= What is being asked =
Write out the records beneath this line exactly as they appear, minus any images.

Short web captions
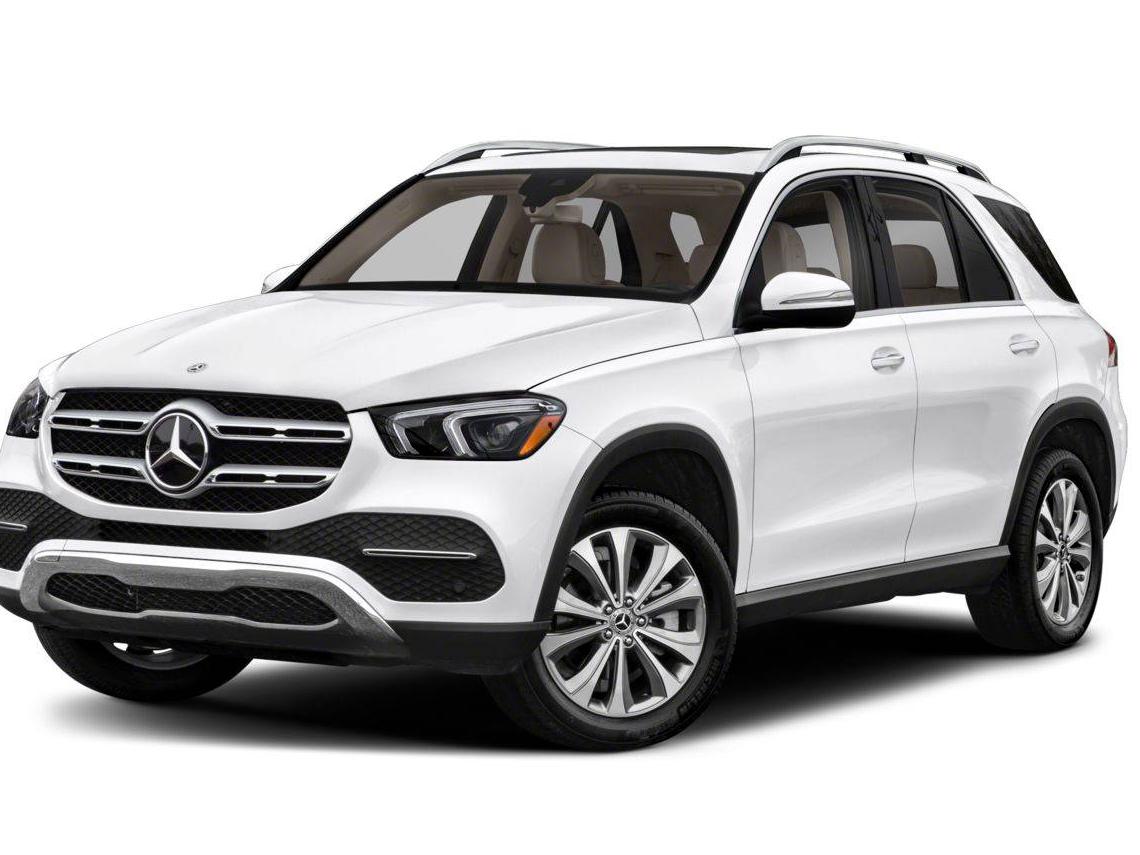 MERCEDES-BENZ GLE-CLASS 2022 4JGFB4KBXNA602170 image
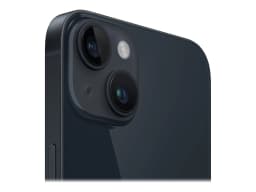 Pre-Owned No Plan-Unlocked Device Apple iPhone 14 Cell Phone 128GB RAM 3279 mAh Battery Midnight Black - Thumbnail 8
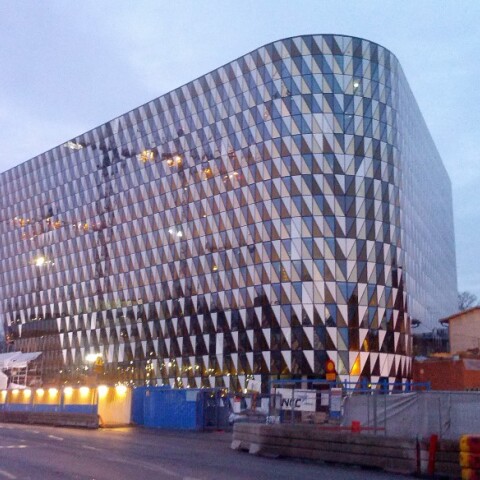 Το Ινστιτούτο Καρολίνσκα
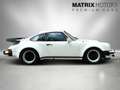 Porsche 911 Turbo 3.3 Klassiker im Bestzustand (Note 1) Blanc - thumbnail 5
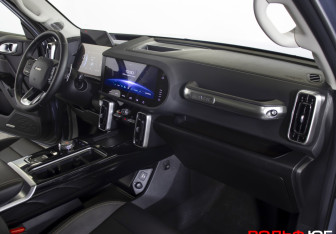 Подержанный автомобиль Haval Dargo 2023 года (9 фото)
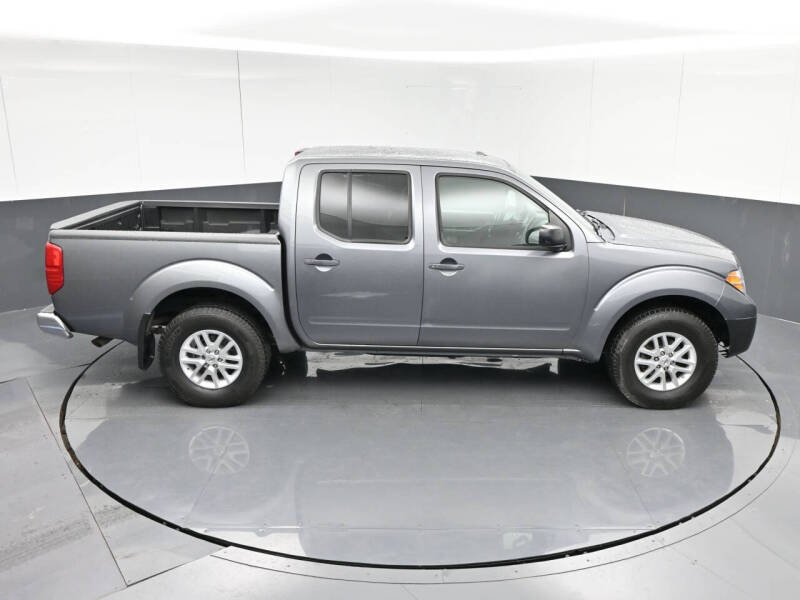 2017 Nissan Frontier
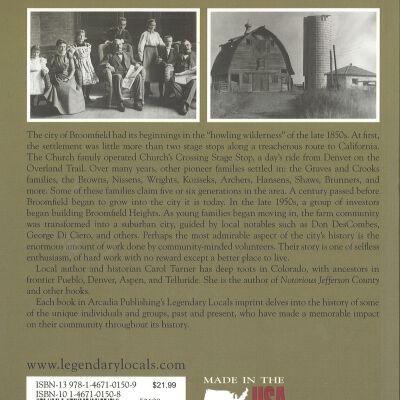 Back Cover.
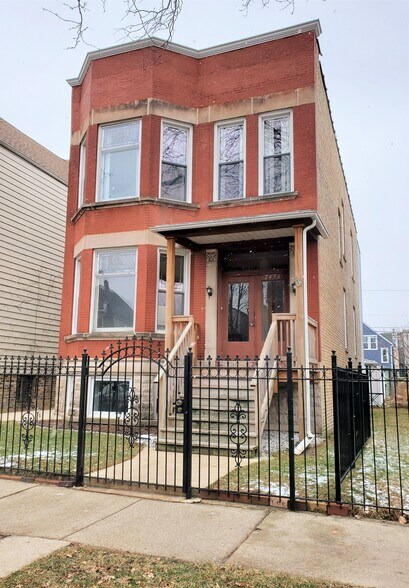 Building Photo - 2436 N Drake Ave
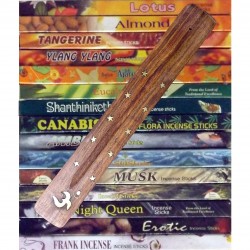 Discovery Incense Indians Baton Support India Perfume Inside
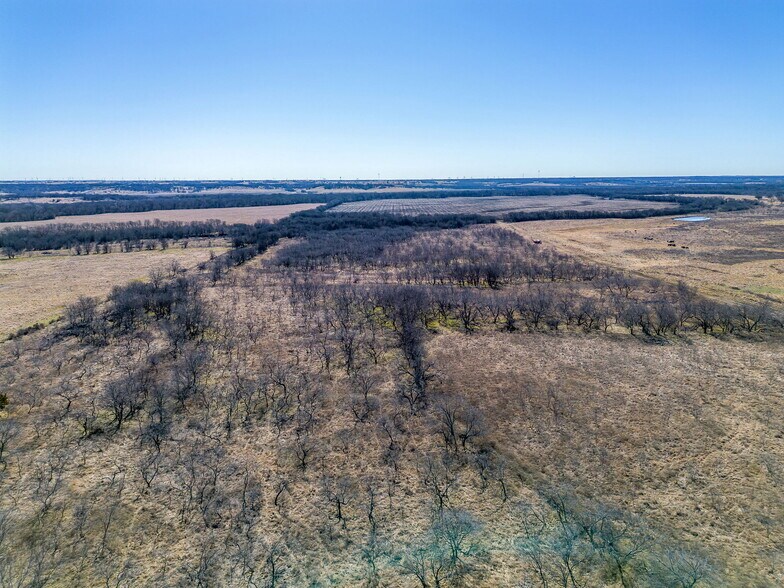 More Photos Of TBD Ivy Ln, Elm Mott Land For Sale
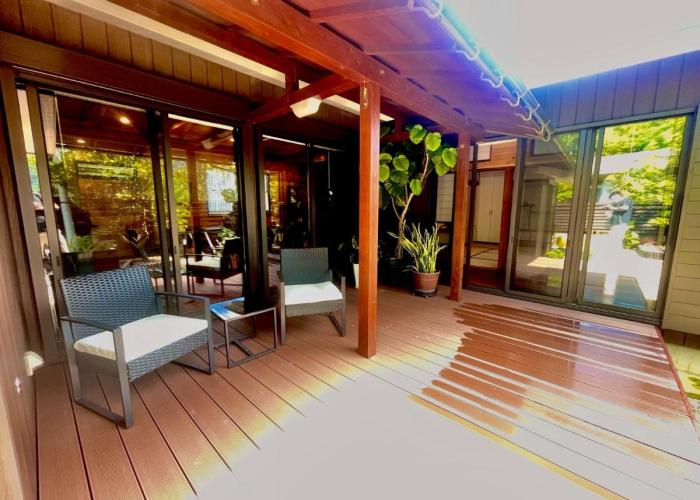 紬の宿こがち -奄美大島の貸切別荘- kogachi japanese kominka stay in Amami Island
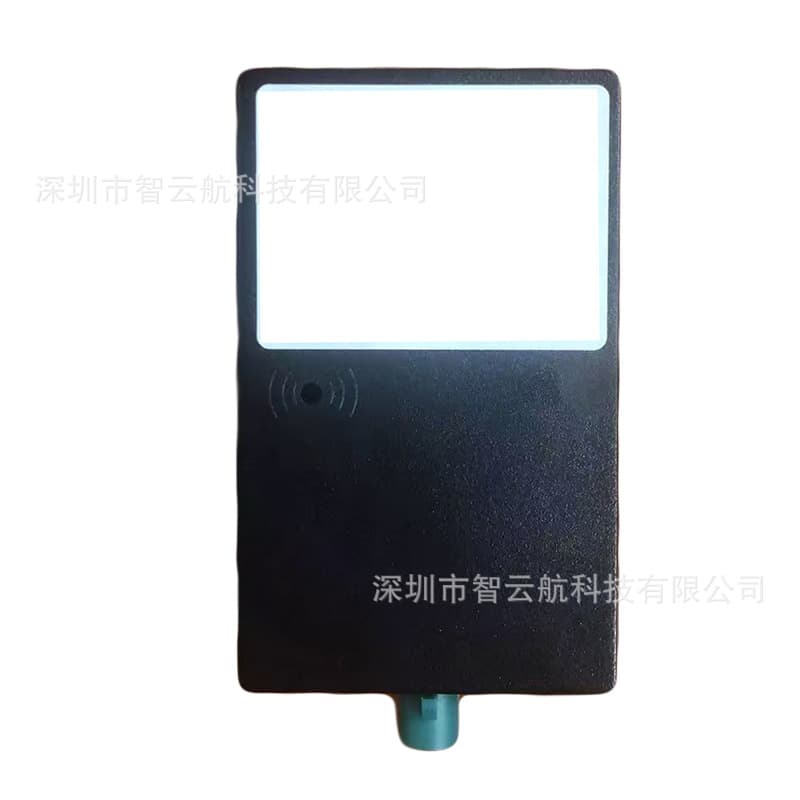 Toyota Original Reverse Camera Video Conversion Box Camry Land Cruiser 4Runner Tacoma Tundra Vios Alphard Adapter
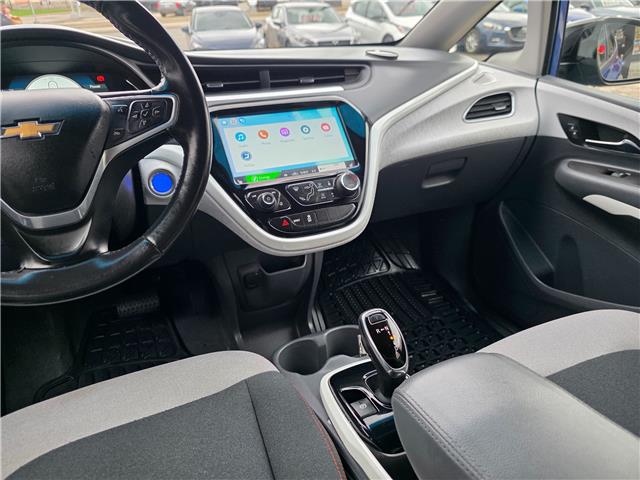 2019 Chevrolet Bolt EV LT (Stk: 2604181) in Waterloo - Image 16 of 20 2019 Chevrolet Bolt EV LT (Stk: 2604181) in Waterloo - Image 16 of 20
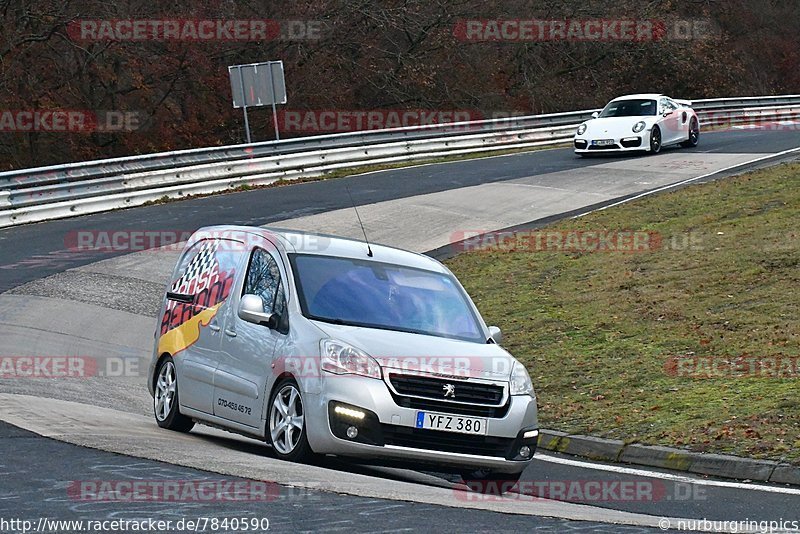 Bild #7840590 - Touristenfahrten Nürburgring Nordschleife (23.11.2019)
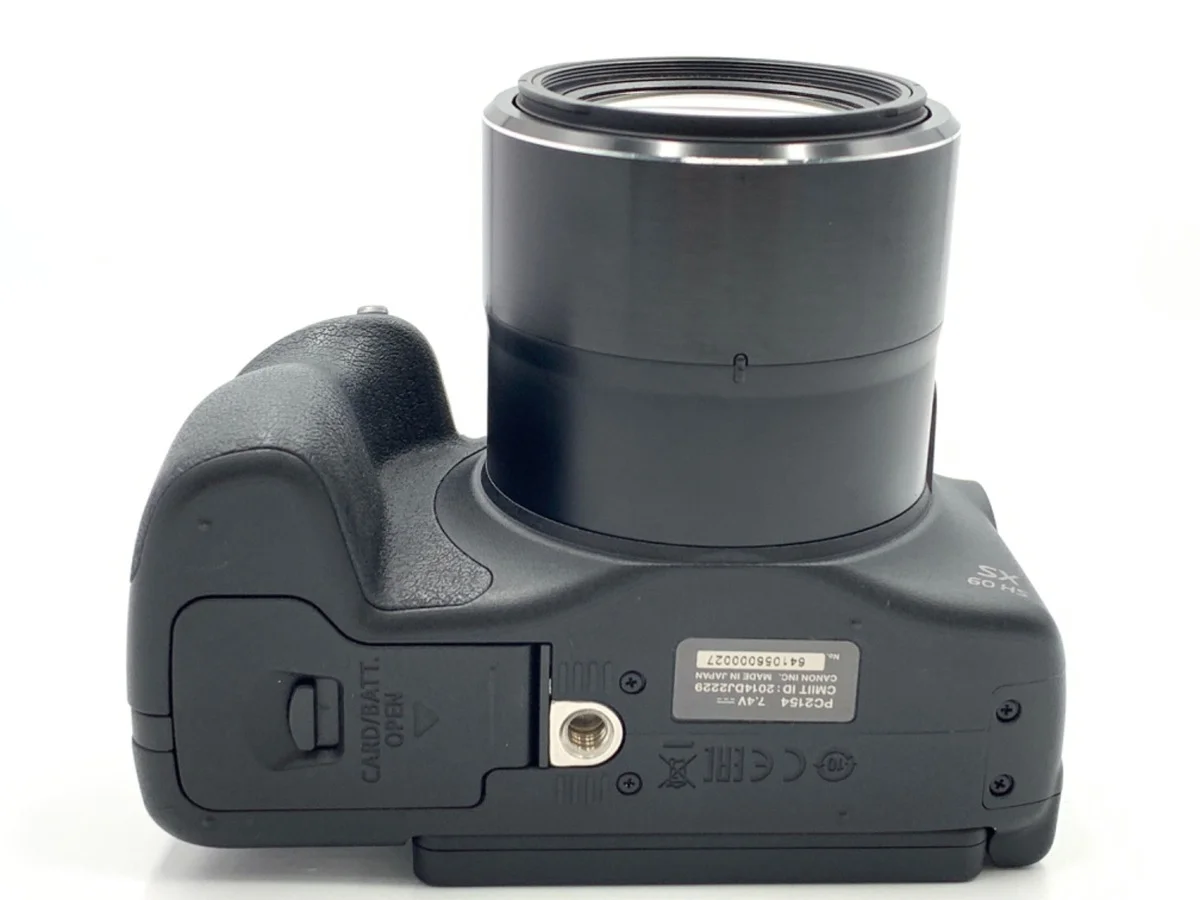 Canon PowerShot SX60 HS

= Solution to this exercise =
 MERCEDES-BENZ GLE-CLASS 2022 4JGFB4KBXNA602170 image
 Pre-Owned No Plan-Unlocked Device Apple iPhone 14 Cell Phone 128GB RAM 3279 mAh Battery Midnight Black - Thumbnail 8
 Το Ινστιτούτο Καρολίνσκα
 Porsche 911 Turbo 3.3 Klassiker im Bestzustand (Note 1) Blanc - thumbnail 5
 Подержанный автомобиль Haval Dargo 2023 года (9 фото)
 2017 Nissan Frontier
 Back Cover.
 Building Photo - 2436 N Drake Ave
 Discovery Incense Indians Baton Support India Perfume Inside
 More Photos Of TBD Ivy Ln, Elm Mott Land For Sale
 紬の宿こがち -奄美大島の貸切別荘- kogachi japanese kominka stay in Amami Island
 Toyota Original Reverse Camera Video Conversion Box Camry Land Cruiser 4Runner Tacoma Tundra Vios Alphard Adapter
 2019 Chevrolet Bolt EV LT (Stk: 2604181) in Waterloo - Image 16 of 20 2019 Chevrolet Bolt EV LT (Stk: 2604181) in Waterloo - Image 16 of 20
 Bild #7840590 - Touristenfahrten Nürburgring Nordschleife (23.11.2019)
 Canon PowerShot SX60 HS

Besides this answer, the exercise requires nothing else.